Gensler has consistently maintained that the majority of tokens are considered securities, and he has been assertive in establishing the SEC’s jurisdiction over the crypto market. His recent focus has been on addressing unregistered activities related to crypto broker-dealers, exchange trading, and clearing. On the other hand, crypto companies, including Coinbase, contest the classification of crypto tokens as securities and have repeatedly urged the SEC to develop clear guidelines.

Armstrong expressed his perspective on the SEC chair, describing him as an “outlier.” He further mentioned that he had discussions with several lawmakers who displayed support for establishing a well-defined regulatory framework for the crypto industry.

Following these developments, Coinbase shares experienced a recovery on Wednesday, showing an increase of approximately 3.1% and reaching a value of $53.2.
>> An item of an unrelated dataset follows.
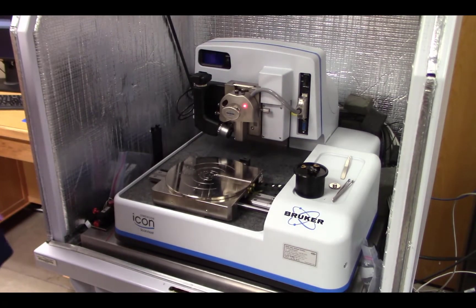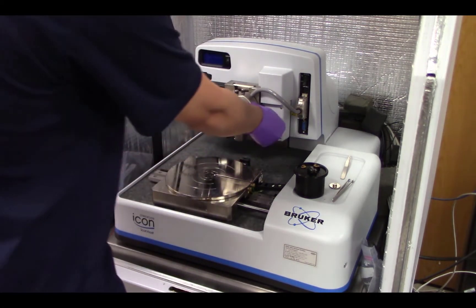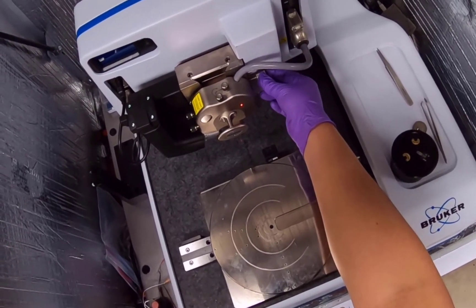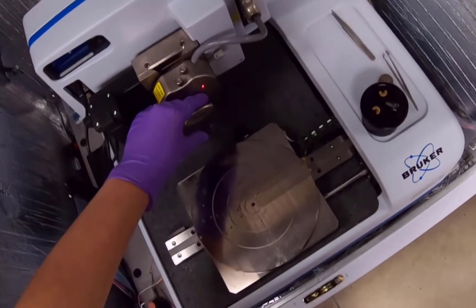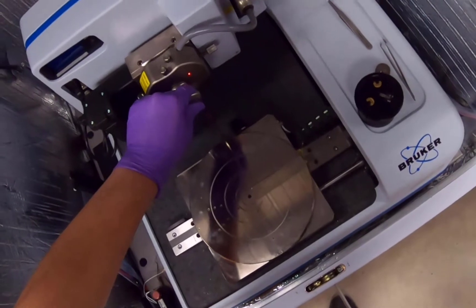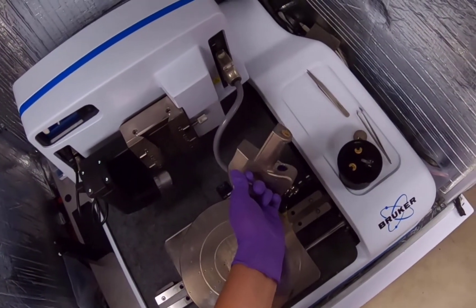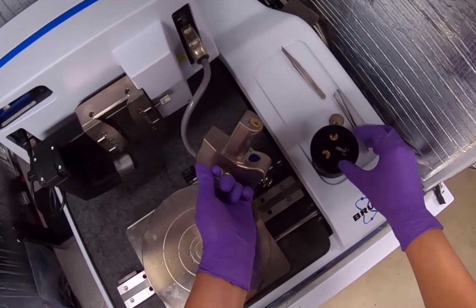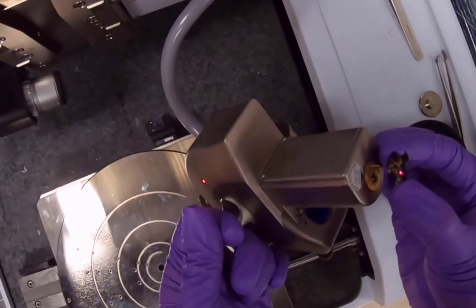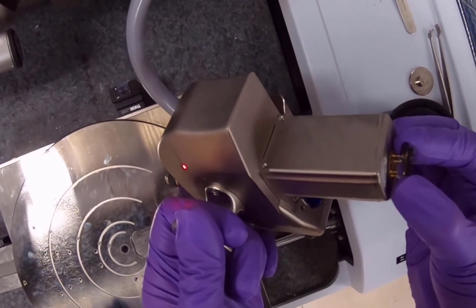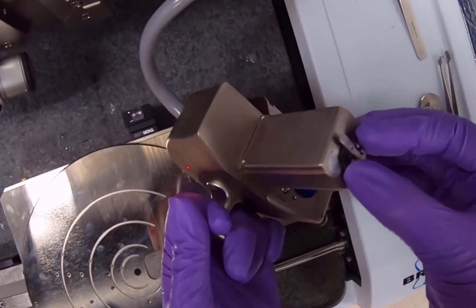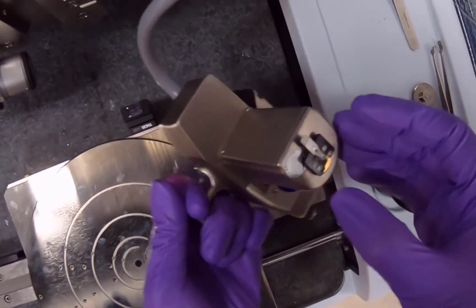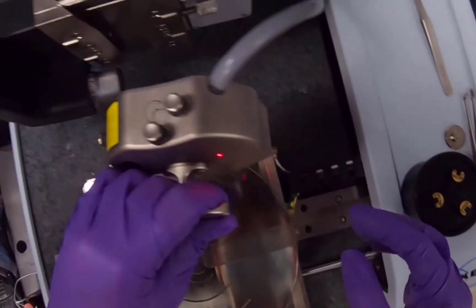To load the probe on the scan head, loosen the scan head set screw by rotating the knurled knob counterclockwise one half turn. Grasp the scan head and gently lift the scan head straight out of the dovetail guide. Using your dominant hand, attach the probe holder onto the scan head pins. This is important: make sure you avoid aiming the laser outside the AFM enclosure. Gently push the probe holder all the way down by pressing on the sides, and make sure to avoid the tip area.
On Monday, the U.S. Securities and Exchange Commission (SEC) filed a lawsuit against Binance, the largest cryptocurrency exchange globally. The allegations included selling cryptocurrency products without registering them as securities, engaging in artificial inflation of trading volumes, diverting customer funds, and failing to enforce restrictions on U.S. customers accessing its platform.

Armstrong made a clear distinction between the cases involving Coinbase and Binance, emphasizing their significant differences. He pointed out that Coinbase has not faced allegations of misappropriation of customer funds, and he himself has not been personally named in any legal action.

Meanwhile, Paul Grewal, the chief legal officer of Coinbase, expressed confidence on Tuesday that the SEC would not attempt to freeze Coinbase’s assets as they did with Binance. Grewal stated that the standards necessary for such an asset seizure do not apply to Coinbase’s situation.

Binance issued a statement on Monday vowing to vigorously defend itself against the lawsuit, asserting that it is a reflection of the SEC’s “misguided and deliberate refusal” to offer clear guidance to the cryptocurrency industry.